Abstract
Purpose
The reference databases play a pivotal role in amplicon microbiome research, however these databases differ in the sequence content and taxonomic information available. Studies on mock community and human health microbiome have revealed the problems associated with the choice of reference database on the outcome. Nonetheless, the influence of reference databases in environmental microbiome studies is not explicitly illustrated.
Methods
This study analyzed the amplicon (V1V3, V3V4, V4V5 and V6V8) data of 128 soil samples and evaluated the impact of 16S rRNA databases, Genome Taxonomy Database (GTDB), Ribosomal Database Project (RDP), SILVA and Consensus Taxonomy (ConTax), on microbiome inference.
Results
The analyses showed that the distribution of observed amplicon sequence variants was significantly different (P-value < 2.647e−12) across four datasets, generated using different databases for each amplicon region.
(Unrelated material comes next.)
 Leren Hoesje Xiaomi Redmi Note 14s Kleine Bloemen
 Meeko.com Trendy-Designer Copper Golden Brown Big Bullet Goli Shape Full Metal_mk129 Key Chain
In addition, the beta diversity was also found to be altered by different databases. Further investigation revealed that the microbiome composition inferred by various databases differ significantly (P-value = 0.001), irrespective of amplicon regions. This study, found that the core-microbiome structure in environmental studies is influenced by the type of reference database used.
Conclusion
In summary, this present study illustrates that the choice of reference database could influence the outcome of environmental microbiome research.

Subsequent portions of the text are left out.